Dire chi è Dio nella mia vita equivale a rivelare a me stesso come lui è dono prima di tutto per me. Ma talvolta ce lo dimentichiamo. Con la possibilità di dirlo agli altri in effetti lo diciamo prima di tutto a noi. Raccontare Dio significa rivelare attraverso la nostra vita cosa ha prodotto in noi. Come ci ha trasformati, come ci ama. Il tutto, come lo fu per Pietro, è dono di Dio. A lui che, unico,  con impeto ha risposto a Gesù: “Tu sei il Cristo, il Figlio del Dio vivente” gli viene detto:” né carne né sangue te lo hanno rivelato, ma il Padre mio che è nei cieli”. Tutto è opera di Dio in ciascuno di noi. La nostra umanità e la grazia di Dio, la nostra disponibilità e la potenza di Dio, la nostra docilità e l’amore di Dio. Sinergia umano – divina.

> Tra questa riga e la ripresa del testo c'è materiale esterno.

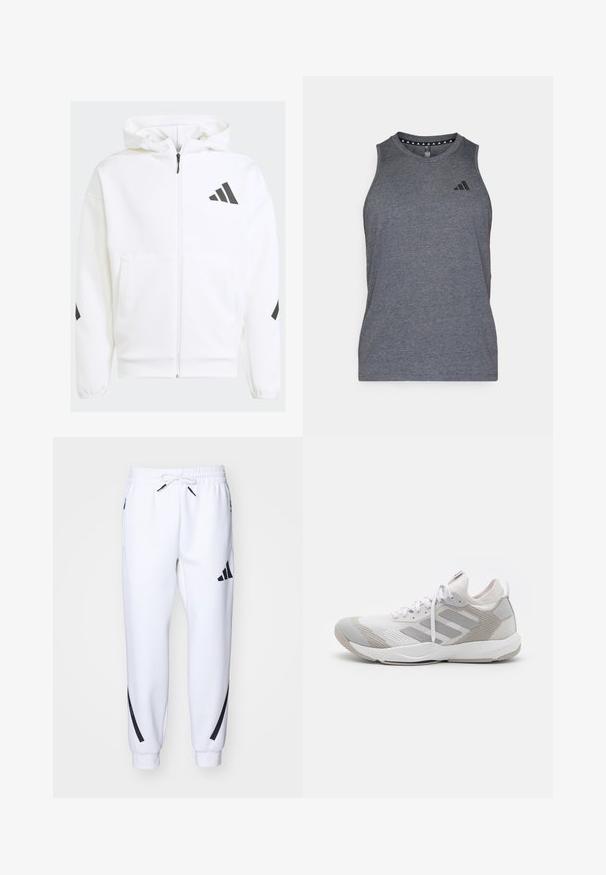 Valge lukuga kapuutsiga sviiter. Omab musta logo ja detailide aktsente õlgadel. Valmistatud pehmest materjalist, sile tekstuur. Esiküljel taskud.; Hallux hallik on kerge kangast hall sportlik singel, millel on ümmargune kaelus ja must brändilogo vasakul rinna piirkonnas.; Valged spordijoggerid mustade aktsentidega, valmistatud pehmest kangast, millel on elastne vöökoht, paelaga sulgemine ja küljetaskud.; adidas Performance RAPIDMOVE ADVANCED TRAINER - Treeningjalatsid - footwear white/grey one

I diritti d’autore delle azioni della nostra vita se ispirate a Dio sono suoi e nostri. Il male porta solo la nostra firma in quanto è incompatibile con la santità di Dio, mente il bene, di cui lui è la perenne e inestinguibile fonte sorgiva, ha doppia paternità: Dio e noi. La conseguente e conclusiva affermazione di Gesù a Pietro attesta come lui gli garantisce, in virtù della fede che ha espresso, la garanzia che il male non prevarrà né su di lui né su tutti coloro che gli verranno affidati. Addirittura Gesù gli cambia nome. “Tu sei Pietro”. Cefa.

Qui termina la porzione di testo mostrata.